TASK GOAL: Restate word for word the material below, starting at the line that contains "Hello, welcome to" and stopping after the last line; skip pictures.

DATASET SECTION:
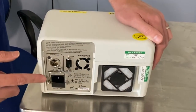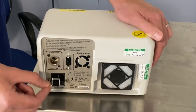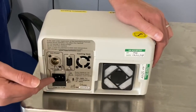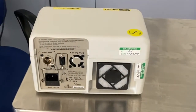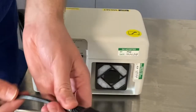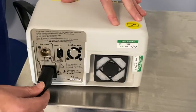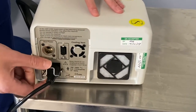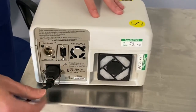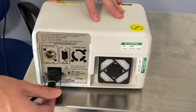The next thing to be aware of is the power cable socket. You can see there's a little bar that comes down here as well. The power cable is a standard three-pin plug. It pushes into place like so, and this bar then comes down and locks it in place. It's really important to keep that in place because it will stop the power cable from coming out accidentally.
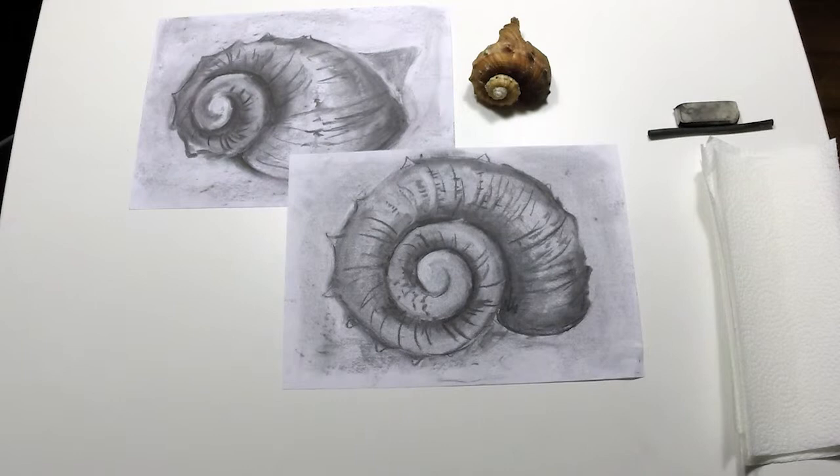Hello, welcome to Sarah's Art Tutorials. The purpose of my art tutorials is to give parents and teachers confidence to draw and deliver enjoyable art lessons to their children.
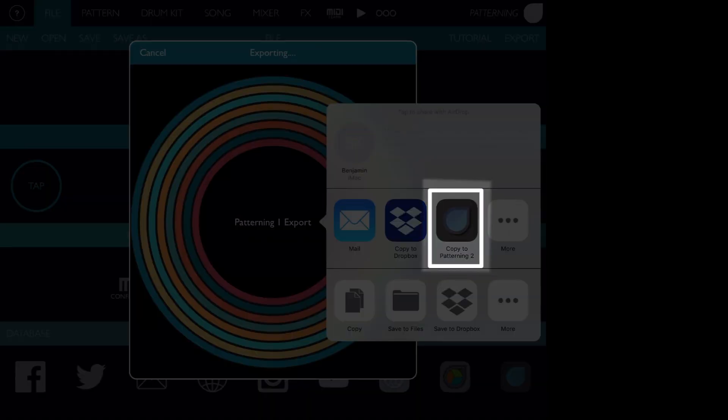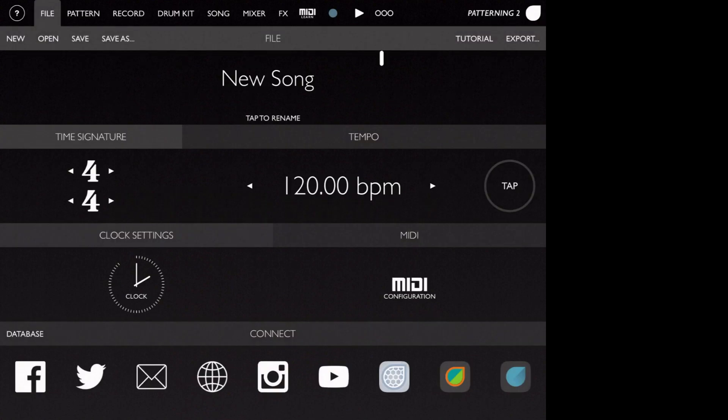Choose Copy To Patterning 2, and the exported song will be opened immediately in Patterning 2.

RESULT:
Hello, welcome to Sarah's Art Tutorials. The purpose of my art tutorials is to give parents and teachers confidence to draw and deliver enjoyable art lessons to their children.
Choose Copy To Patterning 2, and the exported song will be opened immediately in Patterning 2.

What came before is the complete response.